Chef Peter Gilmore’s Asian take on Oz cuisine (or maybe that should be an Oz take on Asian cuisine) runs all through the menu. The congee of mud crab, palm heart, egg yolk emulsion is salty with a sea-like taste broken up by the sweet chunks of crab, while in the next course of XO Sea, the very salty Chinese-influenced XO stock is brought to the table in an iron tea pot and poured over seafood of – once again – competing textures. Delicate morsels of octopus, cuttlefish, prawns, clams and scallops and the “sea” of butter are given an extra crunch with the jamon iberico garnish.

The XO sauce is a complex addition to the seafood: Quay makes a roasted scallop consommé which is used as a base. It then makes a roasted paste from ginger, garlic and chilli with more scallop and jamón until it is a dark red. It’s a heady brew.

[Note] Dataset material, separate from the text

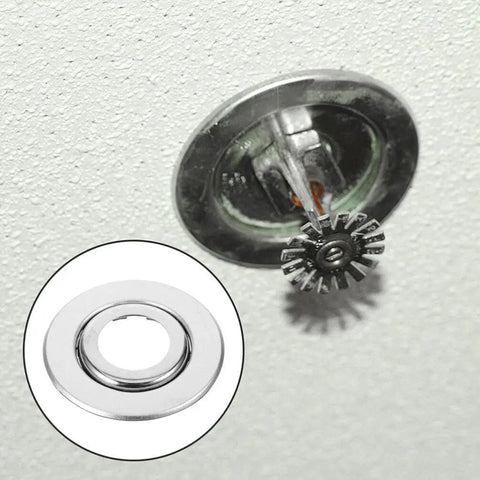Heavy Duty Stainless Steel Double Disc Fire Sprinkler Cover Plates 20 Pack Ceiling Escutcheon showing installation detail.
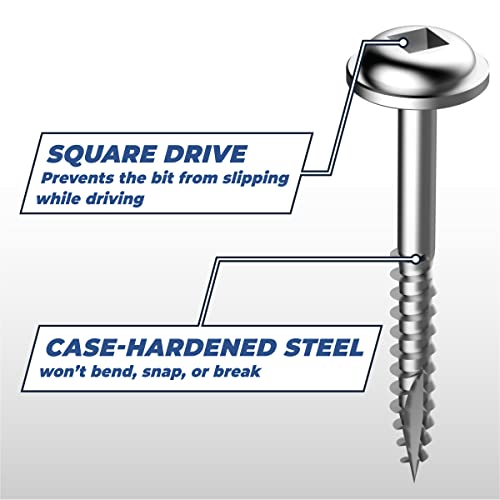 Kreg Zinc Pocket-Hole Screws - SML-F150-100 - 1-1/2 Inch - Fine Thread - Maxi-Loc Head - Indoor - 100 Count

A broth was also brought to the table and poured over my confit pig jowl, which was as delicious and tender as the waiter promised. Warm and salty, it was sort of like (very) high-end comfort food.

The prettiest pig jowl you're likely to eat.
The prettiest pig jowl you’re likely to eat. Photograph: Brett Stevens

However, my dining companion wasn’t so enamoured of his third course.

The smoked oyster crackling on the Flinders Island lamb, native coastal greens, hatsuka radish, eggplant and capers was a little too strong and overpowering for him – and as a consequence, the brown curl of the oyster crackling was the only thing left on our plates.

Then for dessert – the course that Quay is famous for, having been featured in the 2010 series of MasterChef.

There are other desserts on the menu apart from the Snow Egg, but if it’s your first time here this is the dessert you must order. It’s beautiful to look at, and even better to eat. Like a treasure brought back from Narnia, the egg sits perfectly proportioned on a bed of soft seasonal granita (at the moment it’s jackfruit). Crack open its crisp sugar shell and you’re rewarded with a ball of ice-cream, coated in a malt biscuit and sprinkled with icing sugar.

I veer towards savoury every time, and usually always order cheese instead of sweets – but this dessert is so terrific and textured (once again it’s the softness of the “yolk” contrasting with the sharpness and chill of the granita), it can overcome ingrained preferences.

The famous Quay Snow Egg.
The famous Quay Snow Egg. Photograph: Brigid Delaney for the Guardian

While the food and the views are the stars of the show, the dining room is simple and understated. The purple carpet is a bit lairy but that’s a minor quibble. The tables are large, with room to move your elbows and are far enough apart from your neighbours that you can have a private conversation. It’s also a relatively hushed dining room with good acoustics and room to move – so rare these days.

Quay is expensive (we paid $376 for two plus tip). But if you want a big treat, you get what you pay for here: amazing views, excellent (and very unobtrusive) service and a menu comprising the best of seasonal produce, painstakingly prepared without being finicky.

Guardian Australia reviews anonymously and pays its own way.